Вигитт яро промерил комнату до кресла и рухнул в него с таким размахом, что странно, как не набил синяки; он взаправду рассердился, однако чувствовалось, что напряжение между нами — того же рода, что натяжение поводка.
Требует продолжения испытаний? Имеет право. Когда Дари обозвал меня заслуженным словом, следовало не моргать с выражением, а прямо попросить о наказании. Но тогда помешала чехарда в голове, а теперь уже поздно — Вигитт взял всю ответственность на себя и тем поставил меня в странную зависимость от его желаний.
— Кхм... — выдавил я, пытаясь совладать с настроением. В горле крутилось вовсе не это нагловатое 'кхм', но от смущения слова завязли меж зубов.
— Кхм, — повторил, сообразив, что забыл изрядную долю заготовленного ответа, — прошу прощения. У меня и в мыслях не было что-то портить... Я просто не знал, как действовать, не порт...
Мороки, что за чушь льётся из моего горла? Правильно себе говорил — пора учиться объясняться не только с мыслечтецами! Вспоминай, вспоминай, дурень, что хотел сказать!
— ...То есть, без шваб... — чтобы скрыть очередную неловкость, я погромче кашлянул. — Ну, то есть, другим способом.
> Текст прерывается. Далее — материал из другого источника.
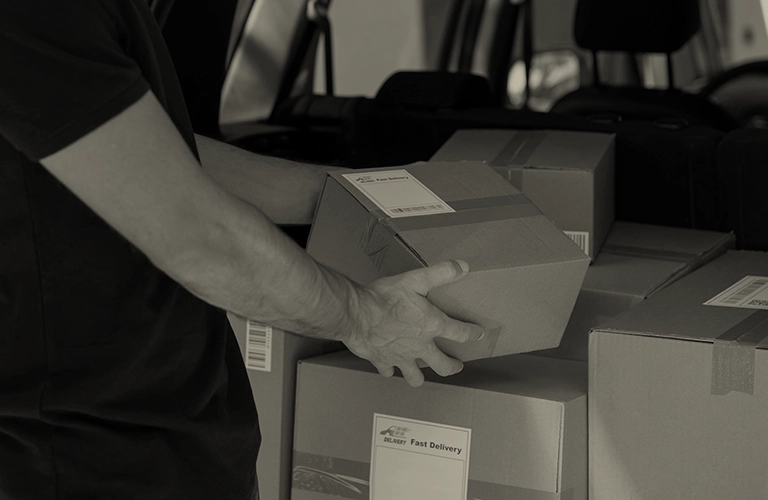 Persona entregando paquetes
Лунноволосый всё ниже склонял голову на протяжении всей исповеди и наконец совсем зарыл её в пальцы.
— Для спуска полок есть вентиль. А ты паршивец. — В голосе книжника скользнуло снисходительное веселье. — Иди себе. Тысяча способов, ага?..
Три поспешных кивка — и я уже мчался к синей комнате. Заступившись за швабру перед Дари, новый знакомец скрутил в узлы все линии моей жизни, и теперь никуда не деться с его привязи — а то, что намерения чёрного распространяются дальше, чем на одно задание, прозвучало в открытую. 'Ученик'. Прости, Катион..!
Хм... Но врач утолял в нашем общении жажду к эксперименту. А библиотекарю-то на кой уродец, не умеющий читать и летать? В груди перекатилось, давя на сердце, страшное подозрение...
'Посчитай два плюс два'. Сияние Вигитта — почти белое, светло-серые глаза, переливчатый, волшебный голос. Все эти признаки наличествовали и у 'гостя с небес', что залетал к Катиону в первый мой выход из комы. 'На консервы'... Вопрос сиделки: 'Что там с Ньяром?' — как будто указывал на главу домена, и оттого именно с ним в моей памяти накрепко связался солнечный гость. Тогда как в действительности пришелец (насколько удалось разглядеть сквозь пальцы врача) — точь-в-точь лунноволосый библиотекарь. 'До первого запаха...' — вероятно, пришло время?..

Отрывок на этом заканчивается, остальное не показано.